Should the word "Cover" occur in a line of the records, copy that line.
Provided information below:
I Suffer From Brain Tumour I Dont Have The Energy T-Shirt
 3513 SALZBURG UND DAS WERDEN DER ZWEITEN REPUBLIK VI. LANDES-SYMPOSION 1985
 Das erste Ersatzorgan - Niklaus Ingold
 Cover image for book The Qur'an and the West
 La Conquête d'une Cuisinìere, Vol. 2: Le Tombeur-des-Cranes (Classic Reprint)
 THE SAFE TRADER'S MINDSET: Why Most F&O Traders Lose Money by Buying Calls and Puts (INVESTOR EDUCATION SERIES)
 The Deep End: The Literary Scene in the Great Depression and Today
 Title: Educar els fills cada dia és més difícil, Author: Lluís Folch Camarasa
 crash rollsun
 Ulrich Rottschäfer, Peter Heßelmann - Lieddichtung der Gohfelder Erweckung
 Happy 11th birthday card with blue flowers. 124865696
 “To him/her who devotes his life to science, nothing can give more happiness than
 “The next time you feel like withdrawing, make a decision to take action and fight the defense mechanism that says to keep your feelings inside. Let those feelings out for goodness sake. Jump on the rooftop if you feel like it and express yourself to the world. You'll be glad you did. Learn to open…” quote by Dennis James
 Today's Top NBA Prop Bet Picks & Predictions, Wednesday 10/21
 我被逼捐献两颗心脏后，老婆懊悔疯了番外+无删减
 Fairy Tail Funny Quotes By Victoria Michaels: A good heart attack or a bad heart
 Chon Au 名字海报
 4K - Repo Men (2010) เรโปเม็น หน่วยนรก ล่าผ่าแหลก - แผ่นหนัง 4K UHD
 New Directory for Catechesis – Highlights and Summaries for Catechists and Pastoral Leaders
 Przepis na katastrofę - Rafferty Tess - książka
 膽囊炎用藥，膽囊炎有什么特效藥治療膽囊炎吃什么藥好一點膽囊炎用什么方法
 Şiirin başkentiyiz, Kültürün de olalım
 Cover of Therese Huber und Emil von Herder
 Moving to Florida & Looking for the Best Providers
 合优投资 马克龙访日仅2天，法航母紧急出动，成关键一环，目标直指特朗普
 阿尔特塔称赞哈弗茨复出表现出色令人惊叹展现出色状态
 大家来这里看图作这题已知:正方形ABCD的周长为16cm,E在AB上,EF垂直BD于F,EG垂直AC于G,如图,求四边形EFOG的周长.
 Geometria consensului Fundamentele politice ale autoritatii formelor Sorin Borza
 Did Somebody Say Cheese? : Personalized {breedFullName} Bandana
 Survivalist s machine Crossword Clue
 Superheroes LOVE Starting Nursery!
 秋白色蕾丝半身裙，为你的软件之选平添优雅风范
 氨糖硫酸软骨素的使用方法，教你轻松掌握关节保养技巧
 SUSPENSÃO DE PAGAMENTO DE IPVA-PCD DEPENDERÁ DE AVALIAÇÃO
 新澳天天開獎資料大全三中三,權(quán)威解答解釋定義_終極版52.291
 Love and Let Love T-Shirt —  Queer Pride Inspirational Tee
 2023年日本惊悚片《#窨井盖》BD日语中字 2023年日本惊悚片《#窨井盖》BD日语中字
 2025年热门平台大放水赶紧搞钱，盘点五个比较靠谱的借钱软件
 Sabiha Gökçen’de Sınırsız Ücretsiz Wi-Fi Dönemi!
End of Provided information.
**Task solution:**
 Cover image for book The Qur'an and the West
 Cover of Therese Huber und Emil von Herder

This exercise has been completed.